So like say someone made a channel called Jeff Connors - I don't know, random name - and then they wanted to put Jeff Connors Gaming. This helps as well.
* * *
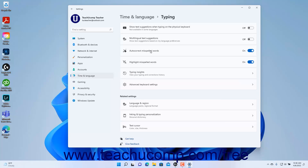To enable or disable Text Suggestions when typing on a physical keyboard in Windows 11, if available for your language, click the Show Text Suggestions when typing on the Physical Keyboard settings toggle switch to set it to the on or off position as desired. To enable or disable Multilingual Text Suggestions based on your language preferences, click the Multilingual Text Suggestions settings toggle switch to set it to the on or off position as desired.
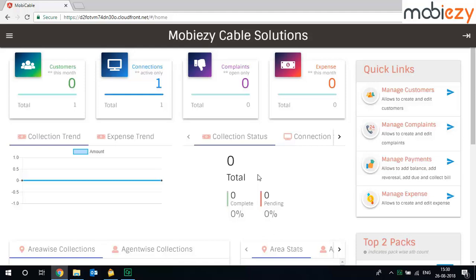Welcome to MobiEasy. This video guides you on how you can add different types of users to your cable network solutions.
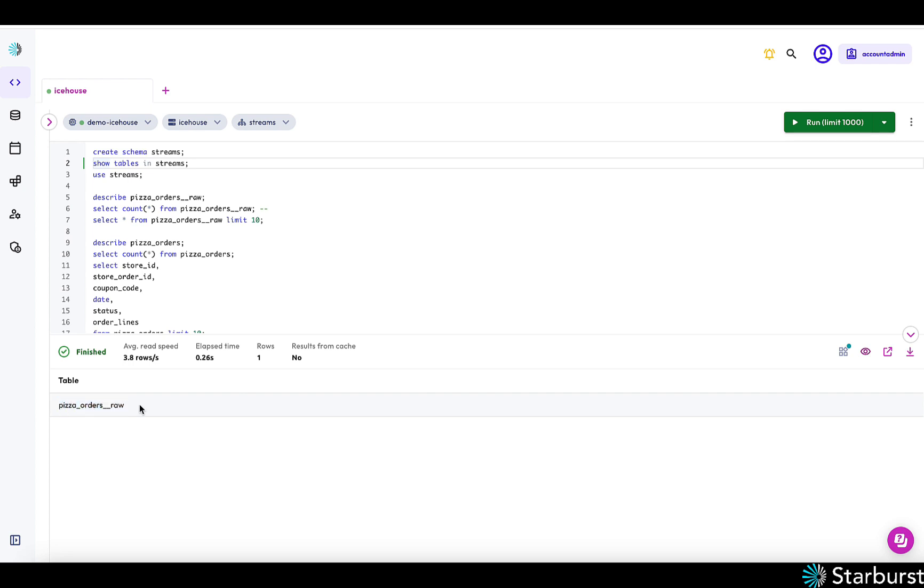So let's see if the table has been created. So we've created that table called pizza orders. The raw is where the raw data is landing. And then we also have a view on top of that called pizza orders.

▶ Your goal: Range to copy from the listing above: the line containing "Welcome to MobiEasy." down to the line containing "So let's see", both included. Reproduce it exactly, minus the pictures, and add nothing.

▶ Output of the task:
Welcome to MobiEasy. This video guides you on how you can add different types of users to your cable network solutions.
So let's see if the table has been created. So we've created that table called pizza orders. The raw is where the raw data is landing. And then we also have a view on top of that called pizza orders.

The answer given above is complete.